WHAT THE TASK REQUIRES:
Without any images, write the listing below out word for word.

SUPPLIED DATA:
--
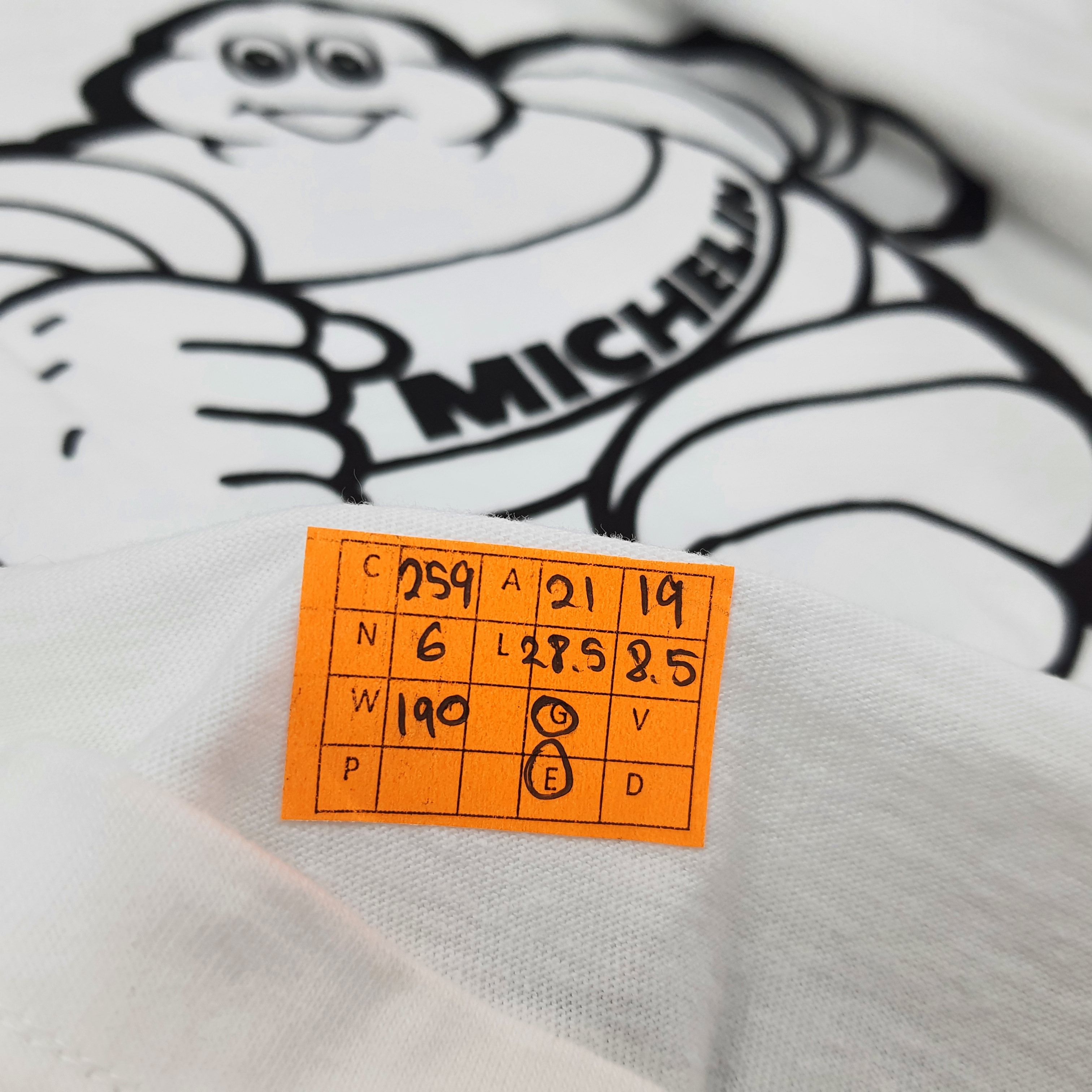 Vintage Vintage The Tire Michelin Motorsports Tshirt C259N6 Size US L / EU 52-54 / 3 - 7 Thumbnail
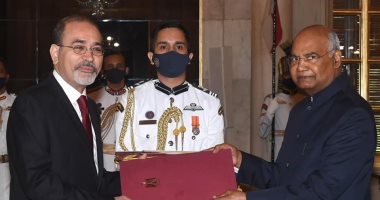 سفير مصر بالهند يقدم أوراق اعتماده لرئيس البلاد.. وينقل تحيات الرئيس السيسى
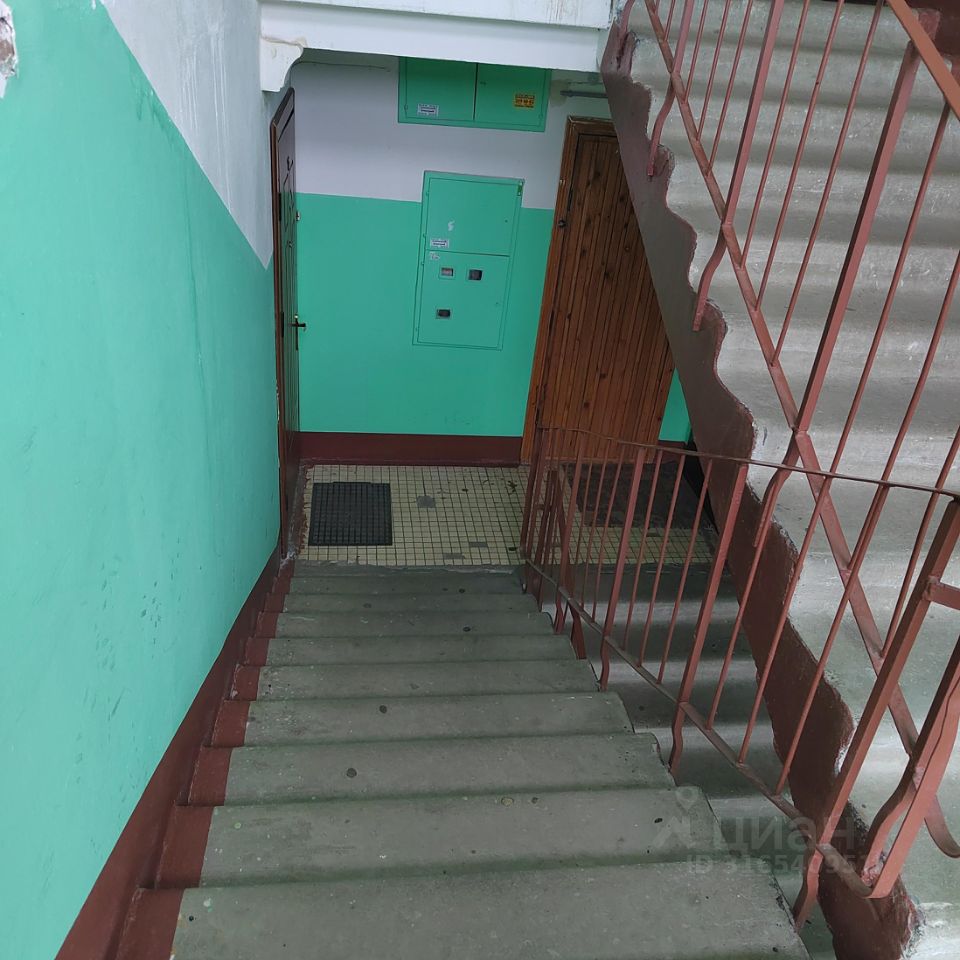 Продажа 1-комн квартиры на вторичном рынке Ломоносов, улица Федюнинского, 3к3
--
ANSWER TO THE PROBLEM:
 Vintage Vintage The Tire Michelin Motorsports Tshirt C259N6 Size US L / EU 52-54 / 3 - 7 Thumbnail
 سفير مصر بالهند يقدم أوراق اعتماده لرئيس البلاد.. وينقل تحيات الرئيس السيسى
 Продажа 1-комн квартиры на вторичном рынке Ломоносов, улица Федюнинского, 3к3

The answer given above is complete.